Provided data |
=-=-=

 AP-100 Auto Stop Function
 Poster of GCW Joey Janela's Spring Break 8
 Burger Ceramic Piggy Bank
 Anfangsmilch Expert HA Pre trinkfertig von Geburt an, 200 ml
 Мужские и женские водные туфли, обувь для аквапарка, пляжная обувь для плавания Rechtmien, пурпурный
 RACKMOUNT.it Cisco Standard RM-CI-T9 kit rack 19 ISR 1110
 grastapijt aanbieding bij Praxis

=-=-=

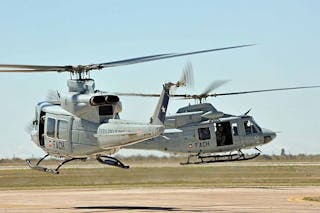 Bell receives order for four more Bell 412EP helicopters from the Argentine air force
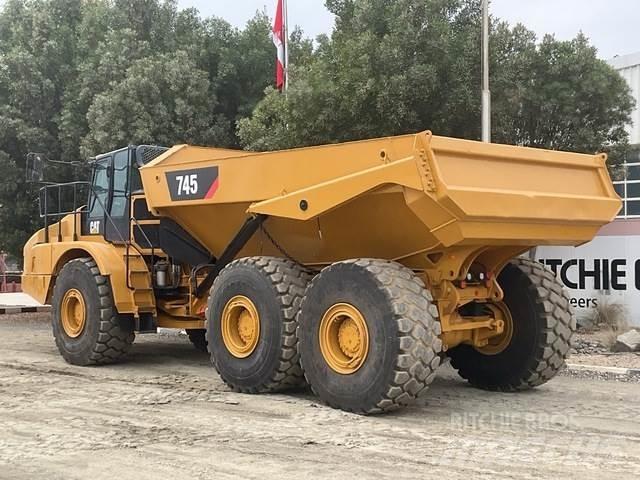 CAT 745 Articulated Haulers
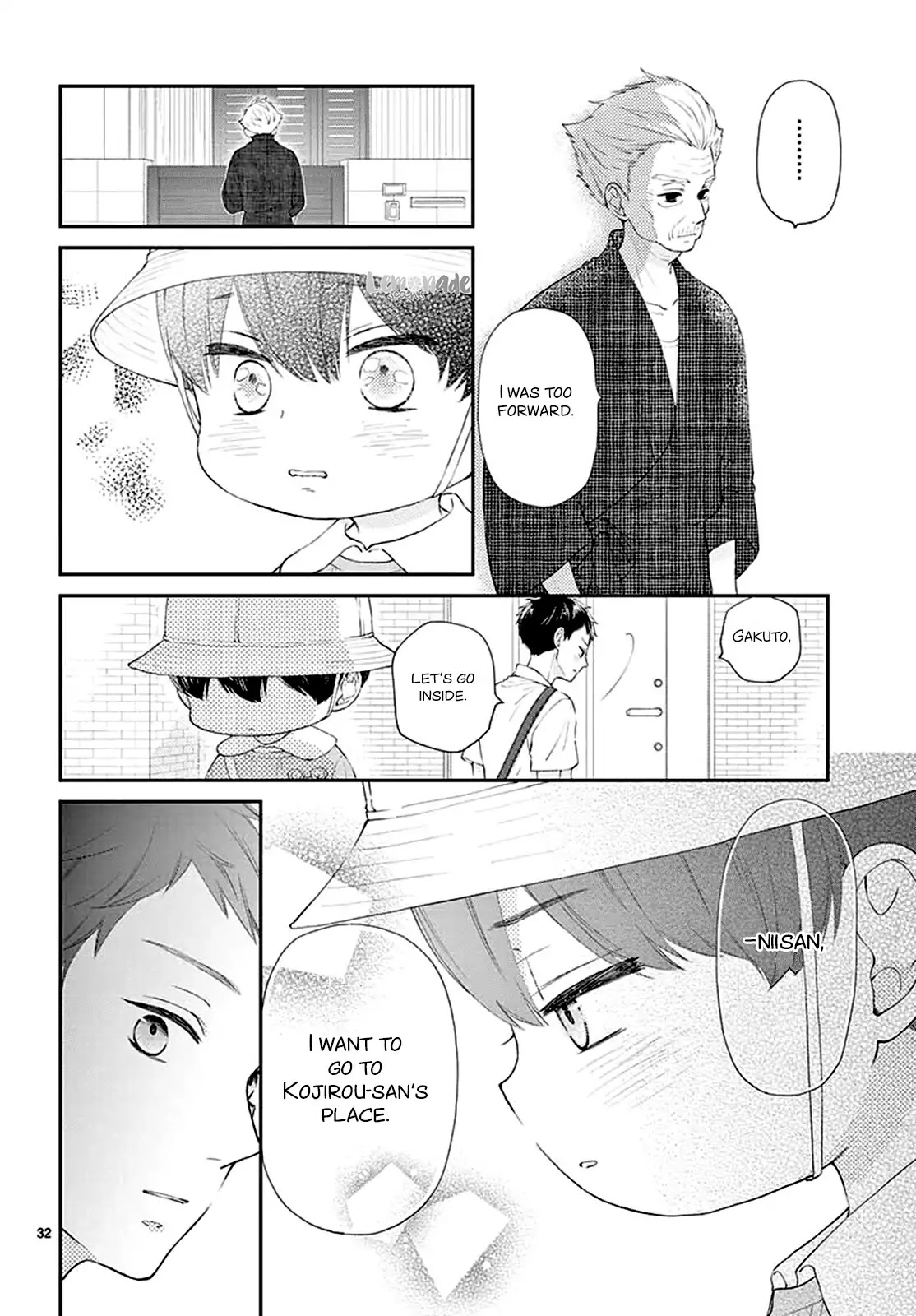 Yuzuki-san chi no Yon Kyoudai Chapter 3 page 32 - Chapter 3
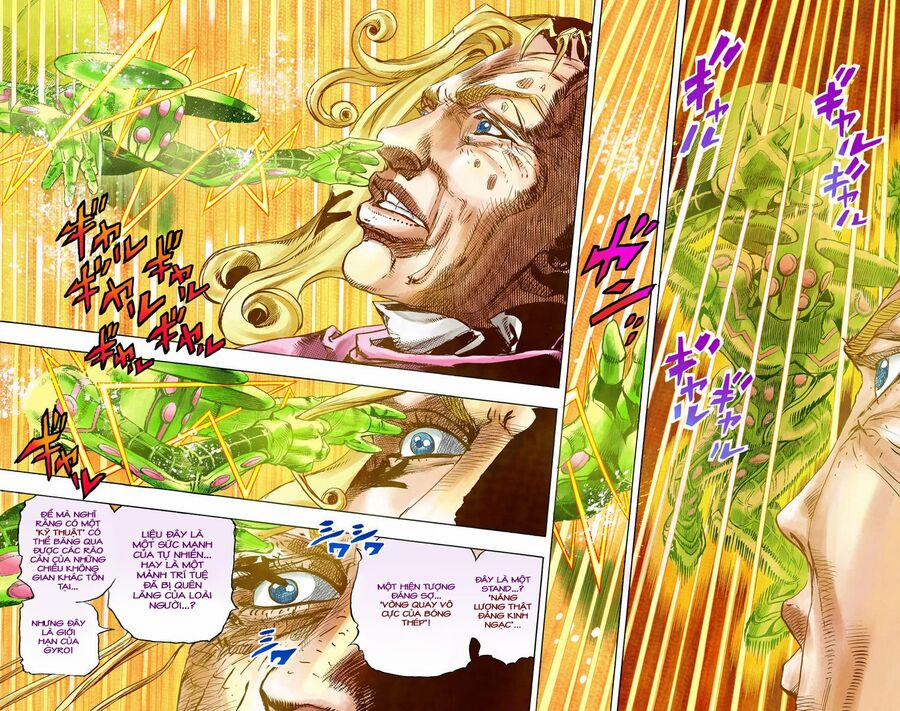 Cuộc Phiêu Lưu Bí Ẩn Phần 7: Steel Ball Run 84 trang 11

=-=-=

What this task involves | Set down again, word for word, every line from the one with "Yuzuki-san chi no" to the one with "Cuộc Phiêu Lưu" in the entries above, and omit the pictures.

Answer space |
 Yuzuki-san chi no Yon Kyoudai Chapter 3 page 32 - Chapter 3
 Cuộc Phiêu Lưu Bí Ẩn Phần 7: Steel Ball Run 84 trang 11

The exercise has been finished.